Re: [boost] [string] proposal

22 Jan 2011


      On Sat, 22 Jan 2011 01:56:36 +0800
Dean Michael Berris <mikhailberis@gmail.com> wrote:
...
...
...
I think strings are different from the encoding they're interpreted
as. Let's fix the problem of a string data structure first then tack
on encoding/decoding as something that depends on the string
abstraction first.
That gets back to the problem that I was originally trying to solve
with the UTF types: that a string needs a way to carry around its
encoding. A UTF-8 type could be built on such a thing very easily.
Hmm... I OTOH don't think the encoding should be part of the string.

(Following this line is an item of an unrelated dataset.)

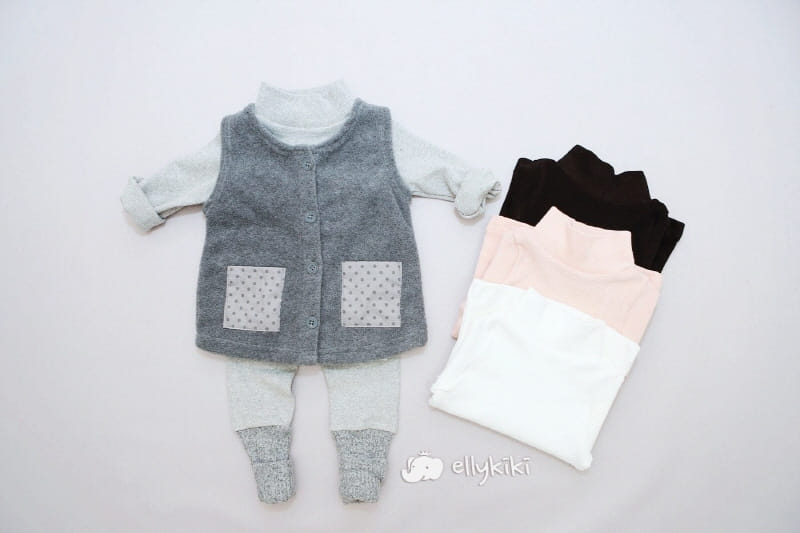 Ellykiki - Korean Children Fashion - #littlefashionista - Peach Turtleneck Tee  - 5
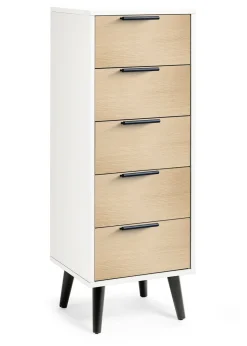 Julian Bowen Alba 5 Drawer Narrow Chest in White and Oak (120.5 x 45 x 40cm)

The encoding is really external to the string, more like a function
that is applied to the string.
It's a property of the string. It may change, but some encoding (even
if it's just "none") should be associated with a particular string
throughout its existence. Otherwise you might as well use the existing
std::string.
...
If you can wrap the string in a UTF-8, UTF-16, UTF-32 encoder/decoder
then that should be the way to go. However building it into the string
is not something that will scale in case there are other encodings
that would be supported -- think about not just Unicode, but things
like Base64, Zip, <insert encoding here>.

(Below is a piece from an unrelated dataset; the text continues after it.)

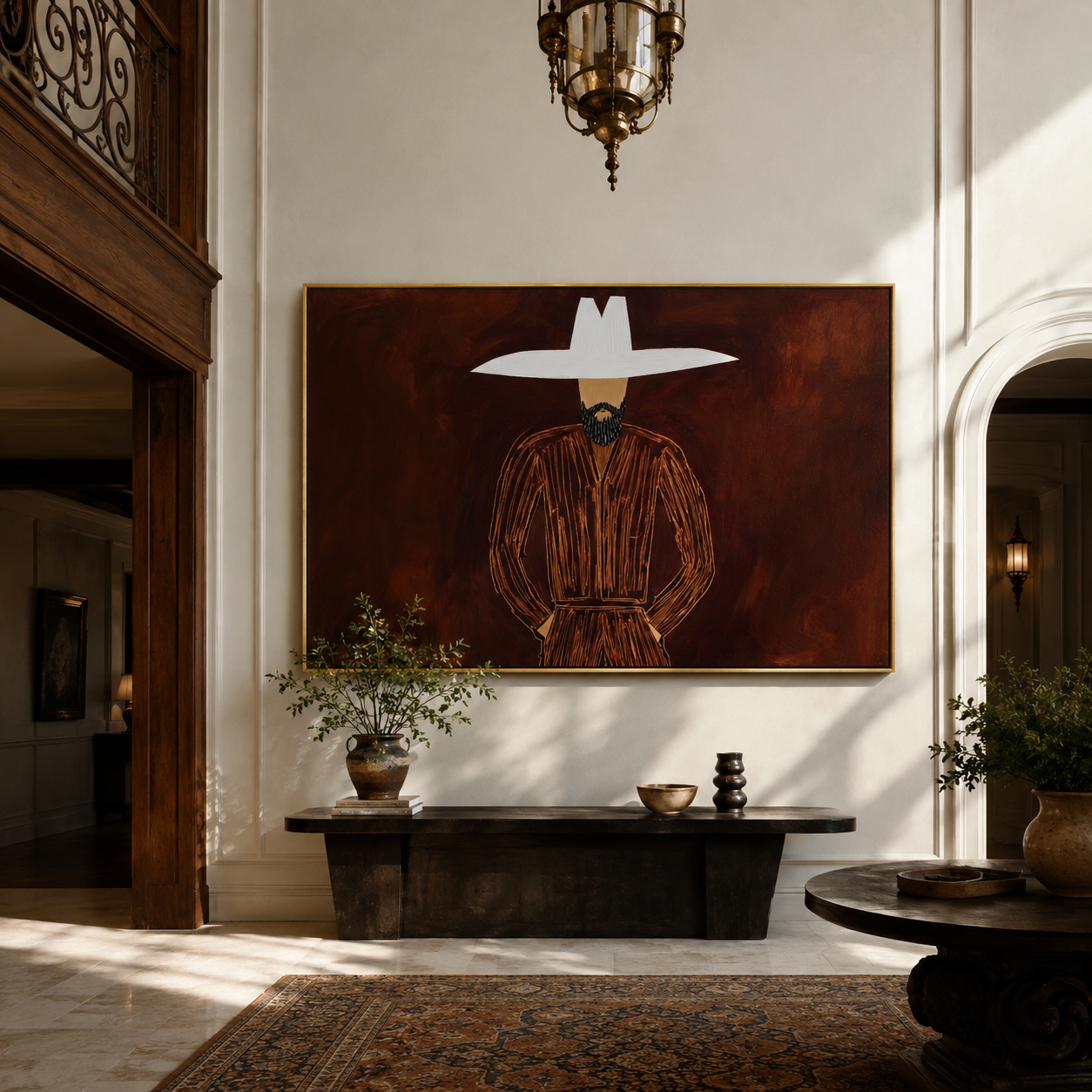 White Horizon Guards Umber displayed in a warm contemporary interior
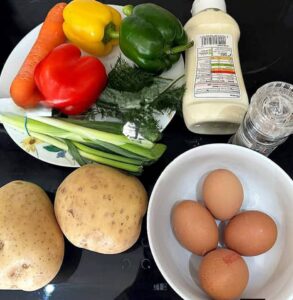 ingredients for delicious potato salad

I assume that there is some unique identification for each language and
encoding, or that one could be created. But that's too big a task for
one volunteer developer, so my UTF classes are intended only to handle
the three types that can encode any Unicode code-point.
...
Ultimately the underlying string should be efficient and could be
operated upon in a predictable manner. It should be lightweight so
that it can be referred to in many different situations and there
should be an infinite number of possibilities for what you can use a
string for.
You've just described std::string. Or alternately, std::vector<char>.
-- 
Chad Nelson
Oak Circle Software, Inc.
*
*
*